TL;DR: “Semiconductor Manufacturing International Corporation (‘SMIC’ or the ‘Company;’ NYSE: SMI; SEHK: 981) today announced that the Company has notified the New York Stock Exchange (‘NYSE’) on May 24, 2019 (Eastern Time in the U.S.) that it will apply for the voluntary delisting of its American depositary shares (‘ADSs’) from the NYSE and the deregistration of such ADSs and underlying ordinary shares under the U.S. Securities Exchange Act of 1934, as amended (the ‘Exchange Act’),” SMIC announced, citing low volumes and US regulatory burden.
SMIC to Delist from the New York Stock Exchange
The US trade war with China is heating up alright, as China’s largest manufacturer of semiconductors will voluntarily delist itself from the NYSE, one of the most prestigious and iconic platforms in the world.
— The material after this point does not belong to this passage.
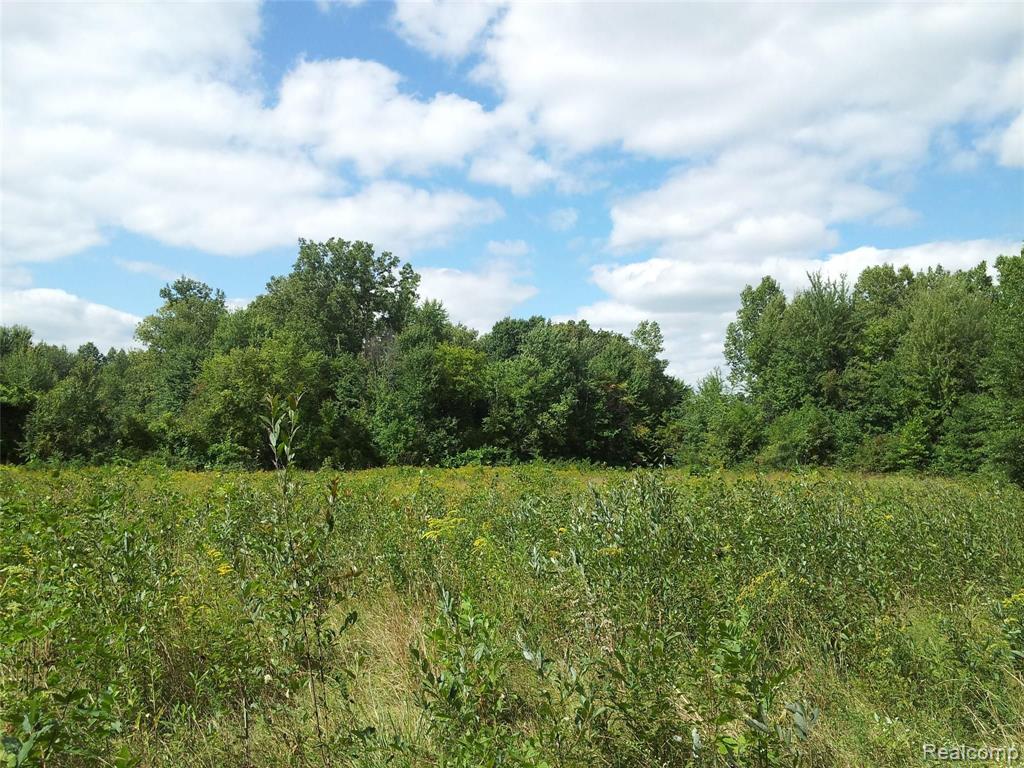 Vl Whittaker Road Ypsilanti, MI 48197 - Photo 9 of 10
SMIC would have traded for more than 15 years on the NYSE when formal withdrawal is expected to take place in mid June of 2019. For cryptocurrency enthusiasts, the move is unclear as to its eventual impact — SMIC is a popular foundry for chips associated with mining, for example.
“The Board of Directors of SMIC approved the delisting of its ADSs from NYSE and the deregistration of such ADSs,” the company claimed, “and the underlying ordinary shares under the Exchange Act due to a number of considerations, including the limited trading volume of its ADSs relative to its worldwide trading volume, and the significant administrative burden and costs of maintaining the listing of the ADSs on the NYSE, the registration of the ADSs with the United States Securities and Exchange Commission (the ‘SEC’) and complying with the periodic reporting and related obligations of the Exchange Act.”
And while it is true SMIC’s US volumes have been lagging compared to its Hong Kong listing (up more than 20% this year), last year was a banner one for the giant, fetching an all time high in revenue of more than $3.3 billion. Most investment analysts were surprised by the sudden delisting move, and attributed it entirely to the Trump administration’s ratcheting up of various sanctions, tariffs, and, more recently, its placing of China’s crypto-friendly telecom company Huawei on a kind of blacklist, as CoinSpice reported.
In an effort to perhaps sweeten against the bitter taste of that move, the Chinese government announced its exempting of such manufacturers from corporate tax for the next two years. “After delisting its ADSs from the NYSE,” the chip manufacturer explained further, “SMIC remains committed to serve its investor and intends to maintain its ADR program as a Level I program, which will enable American investors and current holders of SMIC ADSs to continue to hold and trade SMIC ADSs in the US over-the-counter market. As a result of the delisting of the ADSs, the trading of SMIC’s securities will be concentrated on SMIC’s primary market (The Stock Exchange of Hong Kong Limited).”
DISCLOSURE: The author holds cryptocurrency as part of his financial portfolio, including BCH.